Accordingly, Executive agrees not to divulge in any manner, at any time, for any
purpose other than the exercise of his duties hereunder in the best interest of
the Company and the Stores, any of the Information.

      7. Restrictive Non-Competition Covenant. Executive agrees that during his
employment by the Company and for the Restriction Period, Executive will not,
directly or indirectly, own, manage, operate, control, be employed by,
participate in, lend money, advise or furnish services or information of any
kind (including consulting services) to, be compensated in any manner by, or be
connected in any way with the management, ownership, operation or control of any
business similar to the type of retail business conducted by the Company or as
operated by the Stores during the term of this Agreement, at the time of
termination of this Agreement, or during the Restriction Period. Executive
understands and acknowledges that the type of retail business conducted by the
Company is national in scope, and that similar businesses include national or
regional chain retail operations (including "big box" operators, discounters,
and "specialty stores" operating in malls, strip centers, and freestanding
locations) specializing in or having a substantial inventory mix involving gifts
and home decor, including but not limited to decorative accessories, home
furnishings, and related items.

As used herein, the term "Restriction Period" means a period of three years
after the end of the term of this Agreement, but the Restriction Period shall be
extended for the period, if any, that Executive is in default under the
restrictions in this Agreement.

During the term hereof and for the Restriction Period, Executive agrees to (a)
notify any prospective employer of the existence of this restrictive
non-competition covenant, and (b) notify

                                      -3-

<PAGE>

the Company of Executive's commencement of employment with any other employer,
along with the identity of such new employer.

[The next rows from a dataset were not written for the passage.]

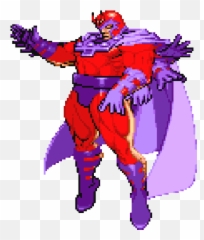 Capcom Marvel Gif - Vs Magneto png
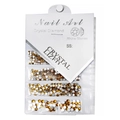 Стразы для ногтей Gold Leaf mix размеров SS4-SS16 SS4-SS16GL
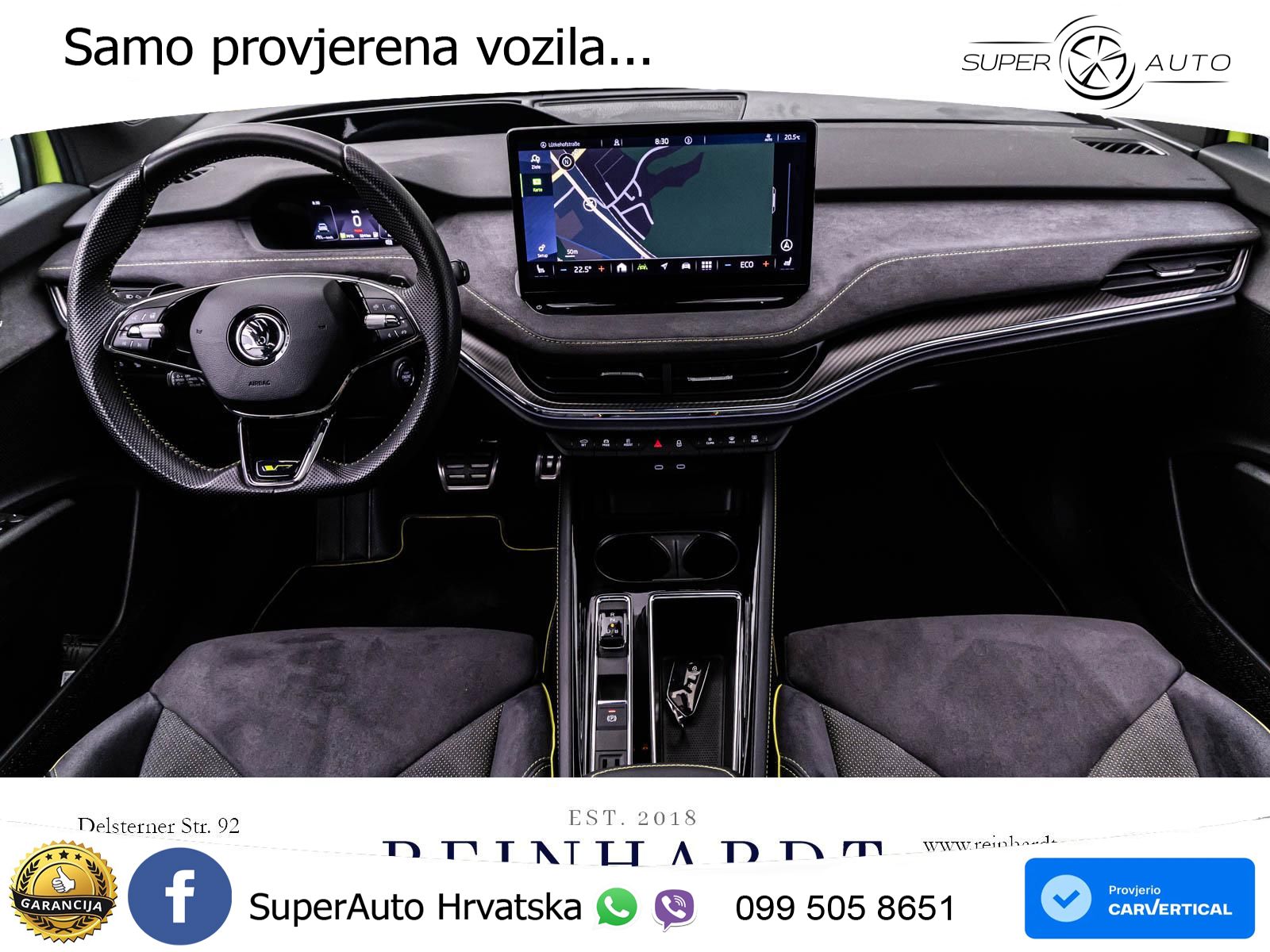 Škoda Enyaq Coupe iV RS 82 kWh (299 KS) AWD Lounge LED+GR SJED+ACC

      8. Covenant Not to Hire Company Employees. During his employment by the
Company and for the Restriction Period, Executive agrees not to enter into or
engage in any discussion or negotiation, or assist in such actions to encourage
or cause present employees of the Company to disassociate their employment
relationship with the Company and induce such present employees to go into the
employment of any other entity. This restriction shall not apply to any
personnel that Executive hires from Garden Ridge during his employment with the
Company.

      9. Termination.

      (a) Definitions. As used herein, the term "Average Compensation" means an
      amount equal to Executive's average annual cash compensation received with
      respect to the three immediately preceding years of employment with the
      Company (or such lesser time period as Executive has been employed with
      the Company), paid over a period of one year in substantially equal
      installments on a biweekly basis.

      As used herein, the term "Cause" means the occurrence of any of the
      following, as determined in good faith by the Board of Directors of the
      Company: (i) the death of Executive; (ii) any physical or mental condition
      reasonably expected to or which does prevent the Executive from performing
      any essential element of his job for more than 90 days; (iii) alcohol
      abuse or use of controlled drugs (other than in accordance with a
      physician's prescription); (iv) illegal conduct or gross misconduct of
      Executive which is materially and demonstrably injurious to the Company,
      its affiliates or subsidiaries including, without limitation, fraud,
      embezzlement, theft or proven dishonesty in the course of his employment;
      (v) conviction of a misdemeanor involving moral turpitude or a felony;
      (vi) the entry of a guilty or nolo contendere plea to a misdemeanor
      involving moral turpitude or a felony, (vii) material breach of any
      agreement with, or duty owed to, the Company or Stores, or (viii)
      Executive's failure, refusal or inability to perform, in any material
      respect, his duties to the Company or Stores, which failure continues for
      more than fifteen (15) days after written notice thereof from the Company.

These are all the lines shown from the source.